Fortunato Bellonzi - Catalogo della mostra di Istanbul, Novembre 1983

Non conosco un ceramista altrettanto sapiente nel mestiere, che non tradisce perchè non snatura mai in un surrogato della pittura, ma lo considera semplicemente un “dipingere” con altro materiale, richiesto da un modo e mondo di visione che necessita proprio di quegli strumenti di lavoro e di quel preciso impegno artigiano sentito appunto come insostituibile perfezione tecnica ai fini espressivi.

Un così garbato e fine narratore di giardini, di paesi e di interni dove le figurine umane hanno poca o nessuna parte (se vi compaiono, minuscole, sono già assimilate per nascita all’ambiente; e si scoprono un istante dopo entro le varie movenze prospettiche, per piani ribaltati, dove le cose tutte si allineano più che realmente allontanarsi).

Domina dappertutto, nelle ceramiche del Ceccaroni, una fioritura composita di verzure e di strutture fiabesche sotto cieli di nitido smalto blu traversati a volte da cirri bianchi esilissimi, ma anche sostituiti da galassie festive di mille cerchiolini e punti lattescenti a guisa di un fuoco d’artificio espanso, che cada lento disegnando archi di cerchio.

L’impressione che promana da queste ceramiche è di sogno ad occhi aperti, di immagini di “paradisi deliziani”, di un “giardino” (quale in greco indica la parola “paradiso”) sospirato e cercato nelle origini stesse dell’innocenza dell’uomo: l’Eden come a suo modo lo raffigurò un pittore quattrocentesco in un Giudizio Universale di Loreto Aputrino, dove le anime bambine, piccole e nude, si vedono in atto di salire sugli alberi colmi di frutti splendidi e gustarne.
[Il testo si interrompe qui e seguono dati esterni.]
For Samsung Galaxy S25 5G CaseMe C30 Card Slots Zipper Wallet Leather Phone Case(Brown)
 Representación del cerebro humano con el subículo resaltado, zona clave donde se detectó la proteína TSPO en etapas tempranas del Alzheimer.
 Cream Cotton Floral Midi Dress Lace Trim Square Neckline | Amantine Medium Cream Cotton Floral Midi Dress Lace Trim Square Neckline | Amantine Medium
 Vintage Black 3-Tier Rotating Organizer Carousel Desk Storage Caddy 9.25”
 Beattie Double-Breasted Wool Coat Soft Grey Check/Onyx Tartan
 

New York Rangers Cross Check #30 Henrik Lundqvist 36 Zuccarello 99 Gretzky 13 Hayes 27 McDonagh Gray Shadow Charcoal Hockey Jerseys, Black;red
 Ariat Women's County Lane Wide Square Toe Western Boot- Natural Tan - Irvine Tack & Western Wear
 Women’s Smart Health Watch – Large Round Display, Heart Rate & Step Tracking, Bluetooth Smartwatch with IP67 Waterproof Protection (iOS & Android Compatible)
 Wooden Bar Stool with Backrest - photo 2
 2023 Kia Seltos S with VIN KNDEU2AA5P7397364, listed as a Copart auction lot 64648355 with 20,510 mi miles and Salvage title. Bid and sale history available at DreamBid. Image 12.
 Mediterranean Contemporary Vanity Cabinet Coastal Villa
Il silenzio è la musica di queste immagini prestigiose del Ceccaroni, alle quali volendo trovare una referenza culturale spettano, come fonti probabili, le raffinatezze del più coltivato “gotico cortese”: i giardini d’amore, cantati dai poeti e illustrati dagli artisti, specie nelle miniature, fin dentro il XV° secolo, e consegnati con intatta freschezza all’estrema poesia cavalleresca dell’Ariosto e del Tasso: i giardini incantati di Alcina e di Armida, il cui inganno è però senza male.

Su un tal mondo di stupori e di magie, dove il mito frequenta le strade avventurose di un Orlando e di un Rinaldo, e scatta nella sorpresa (aspettata) sospendendo le affannose cacce dell’amore e della guerra, si apre all’occhio del Ceccaroni novellatore: si schiude il sipario del suo teatro, i cui veli, sollevati sui tronchi (come in una delle ceramiche più affascinanti) ci consentono di ficcare lo sguardo sull’area vasta e varia di un’Arcadia nuova, che ha per unico evento il nostro bisogno di recuperare la misura dell’esistenza e la speranza di illusioni ulteriori nelle quali si inveri il nostro dubitoso, aspro cammino.